Principes juridiques et pratique du Bureau

Interprétation téléologique

[11] Conformément à Free World Trust c. Électro Santé Inc, 2000 CSC 66 et à Whirlpool Corp c. Camco Inc, 2000 CSC 67, l’interprétation téléologique est faite du point de vue d’une personne versée dans l’art compte tenu des connaissances générales courantes (CGC) pertinentes, à la lumière de l’ensemble de la divulgation, y compris le mémoire descriptif et les dessins. En plus d’interpréter la signification des termes d’une revendication, l’interprétation téléologique fait la distinction entre les éléments essentiels de la revendication et les éléments non essentiels. La question de savoir si un élément est essentiel dépend de l’intention exprimée dans la revendication ou déduite de celle-ci et de la question de savoir s’il aurait été évident pour la personne versée dans l’art qu’une variante a un effet matériel sur le fonctionnement de l’invention.

[12] L’avis « Objet brevetable en vertu de la Loi sur les brevets » (OPIC, novembre 2020) [PN2020-04] aborde également l’application de ces principes, soulignant que tous les éléments établis dans une revendication sont présumés essentiels à moins qu’il n’en soit établi autrement ou que ce soit contraire au libellé employé dans la revendication.

Antériorité

[13] Le paragraphe 28.2(1) de la Loi sur les brevets exige que l’objet revendiqué soit nouveau :

L’objet que définit la revendication d’une demande de brevet ne doit pas :

 

  • a)soit plus d’un an avant la date de dépôt de celle-ci, soit, si la date de la revendication est antérieure au début de cet an, avant la date de la revendication, avoir fait, de la part du demandeur ou d’un tiers ayant obtenu de lui l’information à cet égard de façon directe ou autrement, l’objet d’une communication qui l’a rendu accessible au public au Canada ou ailleurs;

 

  • b)avant la date de la revendication, avoir fait, de la part d’une autre personne, l’objet d’une communication qui l’a rendu accessible au public au Canada ou ailleurs;

[…]

[14] Le fait de devenir « accessible » signifie que le public a eu la possibilité d’obtenir l’information relative à l’invention. Il n’est pas exigé que quelqu’un se soit effectivement prévalu de cette possibilité : Wenzel Downhole Tools Ltd c. National‑Oilwell Canada Ltd, 2012 CAF 333, au par. 68 [Wenzel Downhole].

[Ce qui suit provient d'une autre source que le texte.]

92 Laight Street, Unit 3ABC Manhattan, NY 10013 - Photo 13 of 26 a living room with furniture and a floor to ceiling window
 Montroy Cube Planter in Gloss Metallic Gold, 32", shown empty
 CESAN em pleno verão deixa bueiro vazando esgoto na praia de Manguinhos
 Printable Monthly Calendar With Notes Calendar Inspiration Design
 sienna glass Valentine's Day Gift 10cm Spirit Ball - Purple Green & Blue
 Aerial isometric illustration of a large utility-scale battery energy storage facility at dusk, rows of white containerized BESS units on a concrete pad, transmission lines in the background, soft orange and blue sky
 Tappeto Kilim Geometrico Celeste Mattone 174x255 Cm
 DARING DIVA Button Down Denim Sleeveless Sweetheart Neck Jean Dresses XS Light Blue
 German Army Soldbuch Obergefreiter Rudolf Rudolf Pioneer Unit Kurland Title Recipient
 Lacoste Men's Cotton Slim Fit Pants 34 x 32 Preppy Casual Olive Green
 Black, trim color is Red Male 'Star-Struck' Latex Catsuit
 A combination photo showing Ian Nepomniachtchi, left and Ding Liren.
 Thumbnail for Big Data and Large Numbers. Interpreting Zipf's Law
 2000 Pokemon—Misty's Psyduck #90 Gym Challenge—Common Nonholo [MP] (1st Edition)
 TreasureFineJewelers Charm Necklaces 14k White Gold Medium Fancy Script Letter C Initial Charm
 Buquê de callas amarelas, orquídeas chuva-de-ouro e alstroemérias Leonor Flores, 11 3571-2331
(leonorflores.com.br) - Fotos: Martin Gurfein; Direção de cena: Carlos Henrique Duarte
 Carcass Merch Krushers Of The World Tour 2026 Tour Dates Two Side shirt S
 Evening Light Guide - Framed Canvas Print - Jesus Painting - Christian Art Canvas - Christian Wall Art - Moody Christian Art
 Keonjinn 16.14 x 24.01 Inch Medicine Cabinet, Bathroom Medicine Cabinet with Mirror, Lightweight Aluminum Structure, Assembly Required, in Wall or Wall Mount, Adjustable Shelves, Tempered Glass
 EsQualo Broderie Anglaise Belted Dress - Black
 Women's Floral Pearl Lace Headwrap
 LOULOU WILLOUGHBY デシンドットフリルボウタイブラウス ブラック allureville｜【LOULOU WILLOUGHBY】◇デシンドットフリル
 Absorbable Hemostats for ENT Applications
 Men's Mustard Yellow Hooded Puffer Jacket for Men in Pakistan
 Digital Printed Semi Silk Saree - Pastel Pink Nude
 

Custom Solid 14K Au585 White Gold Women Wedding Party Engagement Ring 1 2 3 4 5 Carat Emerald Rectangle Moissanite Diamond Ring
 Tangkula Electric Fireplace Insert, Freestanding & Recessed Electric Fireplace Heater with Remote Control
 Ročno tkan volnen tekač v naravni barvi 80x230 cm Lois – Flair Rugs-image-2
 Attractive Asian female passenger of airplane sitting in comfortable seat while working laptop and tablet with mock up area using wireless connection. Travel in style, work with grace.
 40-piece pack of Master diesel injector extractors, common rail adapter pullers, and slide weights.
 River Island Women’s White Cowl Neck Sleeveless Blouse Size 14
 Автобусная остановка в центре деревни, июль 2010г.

[15] Lorsque la possibilité pour le public d’obtenir l’information est établie, la Cour applique le critère juridique d’antériorité consacré par la jurisprudence Sanofi, c’est-à-dire la divulgation intégrale de tous les éléments essentiels de l’invention et la capacité de la réaliser : Wenzel Downhole, au par. 68, citant Apotex Inc c Sanofi‑Synthelabo Canada Inc, 2008 CSC 61 [Sanofi].

Le « public » et la divulgation écrite de l’information dans un document

[16] Pour être considéré comme une « publication », un document doit être généralement accessible, sans aucune restriction, au public : Xerox du Canada Ltée c. IBM Canada Ltée [1977] 33 CPR (2e) 24 (CF 1re inst), à la page 85 [Xerox].

[17] Pour être considéré comme membre du « public », le ou les récipiendaires du document ne doivent avoir aucun lien spécial avec l’auteur de la publication : Johnson & Johnson Inc c. Boston Scientifique Ltd, 2008 CF 552, aux par. 321 à 323 [Johnson & Johnson], citant Xerox, à la page 85 et Owens-Illinois Inc c. Koehring Waterous Ltd [1978] 40 CPR (2e) 72 (CF 1re inst), à la page 89. Les paramètres d’une « relation spéciale » ne sont pas entièrement développés dans la jurisprudence, même si une relation qui « s’apparente à une coentreprise » peut être un exemple : Johnson & Johnson, au par. 323, en référence à Xerox.

Le « public » et la divulgation par l’utilisation antérieure ou la vente d’un produit

[18] Pour une divulgation au moyen de l’utilisation antérieure d’un produit, le mot « public » a été défini comme étant « une personne qui utilise sans contrainte en droit et en equity l’information », « sans obstacle contraignant » (Bayer Inc c. Apotex Inc, 2016 CF 1013, au par. 144 [Bayer]; Canwell Enviro-Industries Ltd c. Baker Petrolite Corp, 2002 CAF 158, au par. 42 [Baker Petrolite]; Lux Traffic Controls Ltd v. Pike Signals Ltd [1993] RPC 107 (Eng Pat Ct), à la page 133).

[19] À titre d’exception, en droit canadien, il est établi depuis longtemps qu’une utilisation expérimentale ne constitue pas une utilisation publique : Bayer, au par. 157, citant Gibney v. Ford Motor Co of Canada Ltd [1967], 52 CPR 140 (C de l’É), aux pages 157 à 160 [Gibney]. Un inventeur pouvait utiliser toute méthode d’essai disponible, à condition que l’expérimentation soit raisonnable et nécessaire, et réalisée de bonne foi en vue de perfectionner l’invention ou de tester son bien-fondé : Bayer, au par. 157, citant Gibney. L’exception de l’utilisation expérimentale s’applique notamment lorsque, par nécessité, l’expérience doit être effectuée au sein du public : Bayer, au par. 159.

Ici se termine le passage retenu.